Ever since the routine introduction of positional data in football about a decade ago, the ideal conditions for recurrence analysis have been established. There are several methodological decisions to be made prior to conducting an analysis. The phase space is quite naturally given in 40 dimensions (2 teams, 10 field players, x and y coordinate), comprehensively representing the spatio-temporal properties of collective behavior. Goalkeepers are excluded because of their atypically steady movements, which would lead to an artificial increase of recurrence.

The matches are truncated to a uniform length of 2 × 45 min without considering extra time. This was done to facilitate comparisons between matches and recurrence parameters. However, it is possible to analyse recurrence in a non-truncated match if there is only a single match of interest. Special care must be taken with game events such as substitutions and red cards.

The decision not to embed the trajectories in a higher dimensional phase space, as is typical in many other applications of recurrence analysis, is justified when we consider the phase space as a comprehensive description of the movement behavior in football. This is also advantageous, as the distances between points on the trajectory obtained with the Euclidean norm are a concrete entity—the average distance of all of the field players’ x,y-positions in two points in time.

RPs with color-coded distances are an appropriate visualization of recurrence patterns. Obviously, the color choice was arbitrary in the present study, and future efforts could result in even more impressive, visually-appealing RPs. The application of traditional recurrence parameters in football RPs is not only meaningful in the performance analysis of football, but also in other sports. These parameters allow for quantitative comparisons with other processes, for example, RPs from other sports or from reference processes like white noise, chaotic, or deterministic processes.

The abovementioned research strategy to import tools or theories from other scientific areas may offer an opportunity to improve or extend the imported tool by including specific features of interest. This led us to specify three football-specific recurrence parameters with the aim of further analyzing structures that may become obvious in the RPs of football matches, namely the block-like structures that are associated with longer phases of open play. The definitions of these parameters require the selection of some thresholds for the pattern detection algorithm. Although these selections are conventions and are not grounded in theoretical assumptions, the results suggest that we arrived at a valid model, allowing us to detect the targeted behavior.

### Discussion of Results

As one of the few studies applying recurrence analysis to football, our results are also the first to present color-coded RPs of football matches. The RPs offer a good description of the dynamics of football matches, despite the relative simplicity of recurrence. These dynamic features include the frequency, duration, and distribution of repetitive elements of the game that are associated with set plays and open play. RPs give a comprehensive overview of recurrence in football matches, as they allow for the qualitative characterization of repetitive structures throughout a match. Comparisons between the RPs from different matches support the notion of these distinctive between-match characteristics.

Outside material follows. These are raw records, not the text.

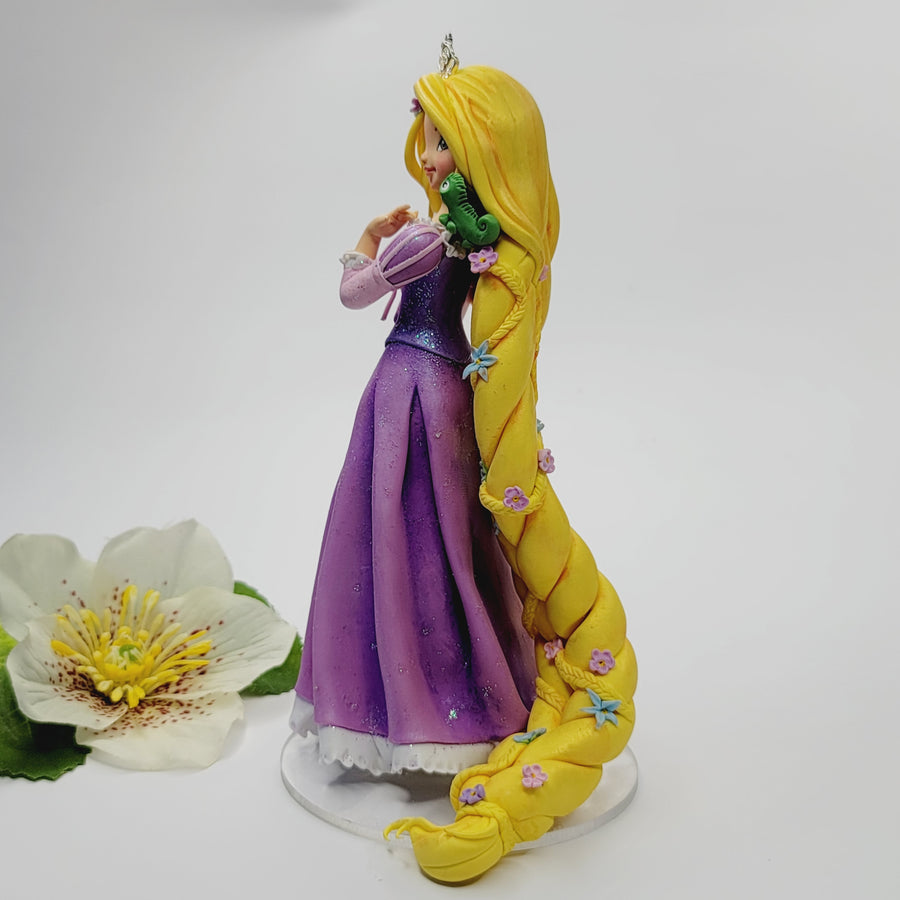 Rapunzel Cake Top Characters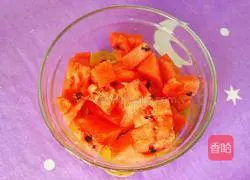 Flower-shaped watermelon steamed buns Illustration of how to do it 2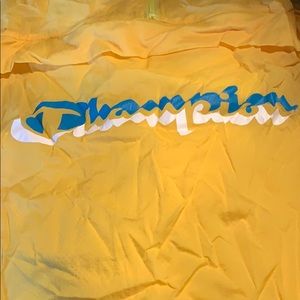 NWOT Champion Light Zip-up Windbreaker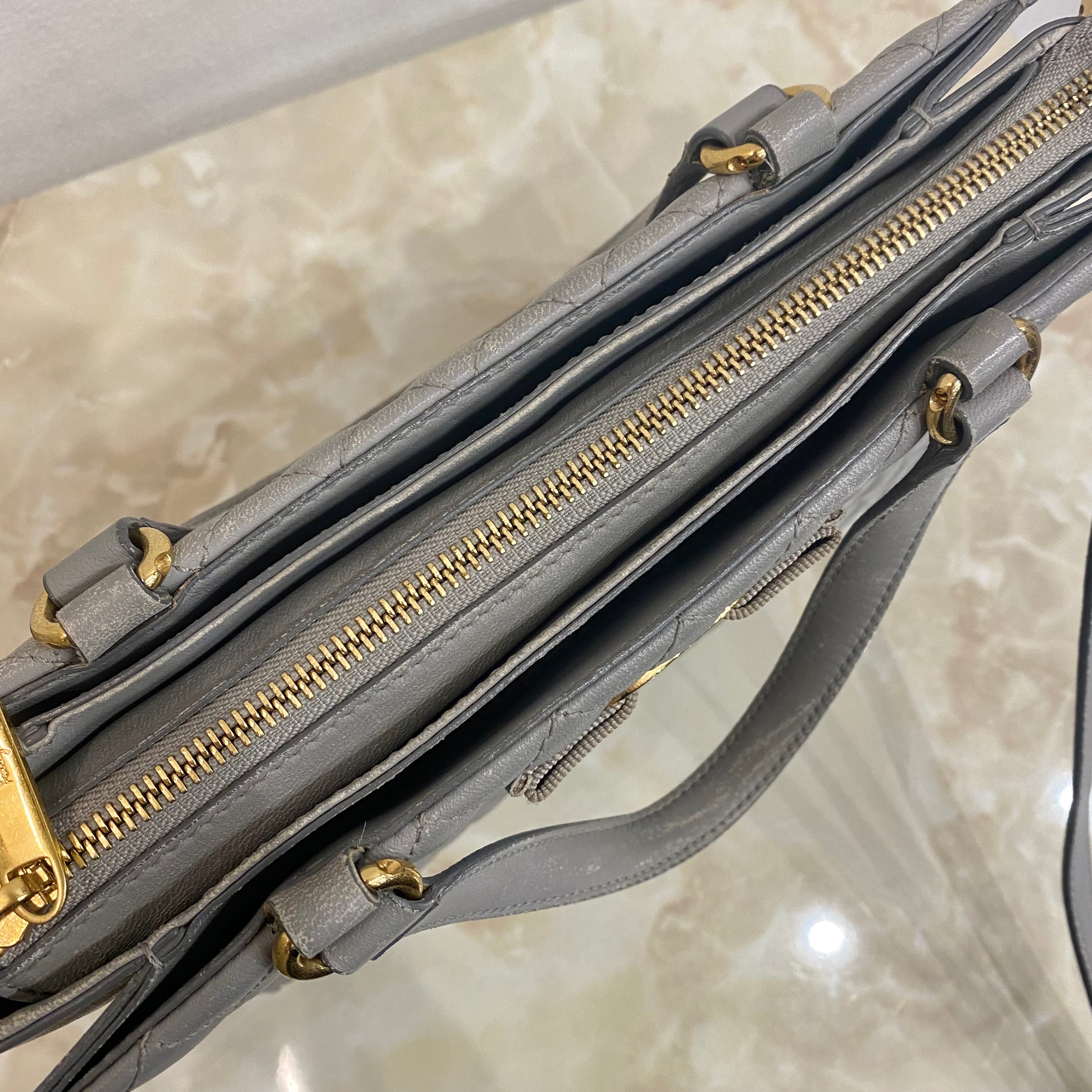 Salvatore Ferragamo 2wayショルダーバッグ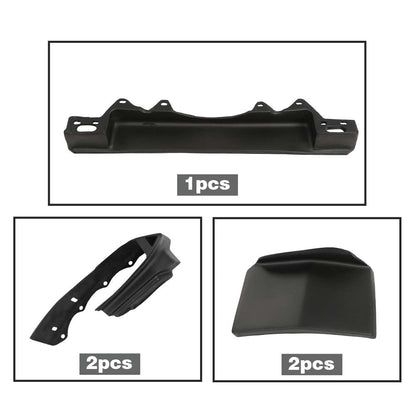 G-PLUS Front Bumper Bracket Compatible with Honda Civic 2006 2007 2008 2009 2010 2011 Left & Right Bumper Bracket 71140SNAA00 HO1067108 71190SNAA00 HO106610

The traditional recurrence parameters were able to describe specific aspects of the football matches and translated well in terms of practical categories of match analysis, e.g., ENTR and ENTR-V: Was a specific match more random than another, with mostly point-like recurrent features, or were there longer and more structured periods? With the findings of this study, we have identified the typical characteristics of the different recurrence parameters for football matches. As a result, the next step is to establish statistical norms and to introduce these recurrence parameters as a new family of performance indicators.

The newly-defined football-specific recurrence parameters successfully characterize unique aspects of football matches. Their correlations with the other recurrence parameters suggest that the new variables do indeed represent these aspects of the matches, with some commonalities with the traditional recurrence parameters. This finding supports the introduction of these three football-specific recurrence parameters as recurrence-based performance indicators in football.

The correlations between the traditional performance indicators and the 10 recurrence parameters introduced in this paper provide insight into their internal relationships. There are many associations between traditional and recurrence-based PIs, and despite the preliminary nature of these initial findings, these associations justify introducing recurrence-based PIs in their own right. In more detail, we found associations between the frequency of events and the recurrence parameters. For example, a high recurrence rate is associated with fewer goals, which implies that goals are unique events and a player must do something special, something that has not happened previously, to score. As another example, the number of longer diagonal lines may increase during set plays because they are being executed in a similar manner, which is shown by the positive relationship between corners and entropy. Again, this supports the notion that football-specific recurrence parameters can be identified from their specific patterns of correlation with traditional PIs. The rather low correlations between recurrence-based variables and the traditional PIs, which are shown by the differences between the teams’ performances, could give rise to different approaches to recurrence analysis, such as focusing more on team interaction. These new approaches and their potential to contribute to performance analysis will be presented in the outlook section below.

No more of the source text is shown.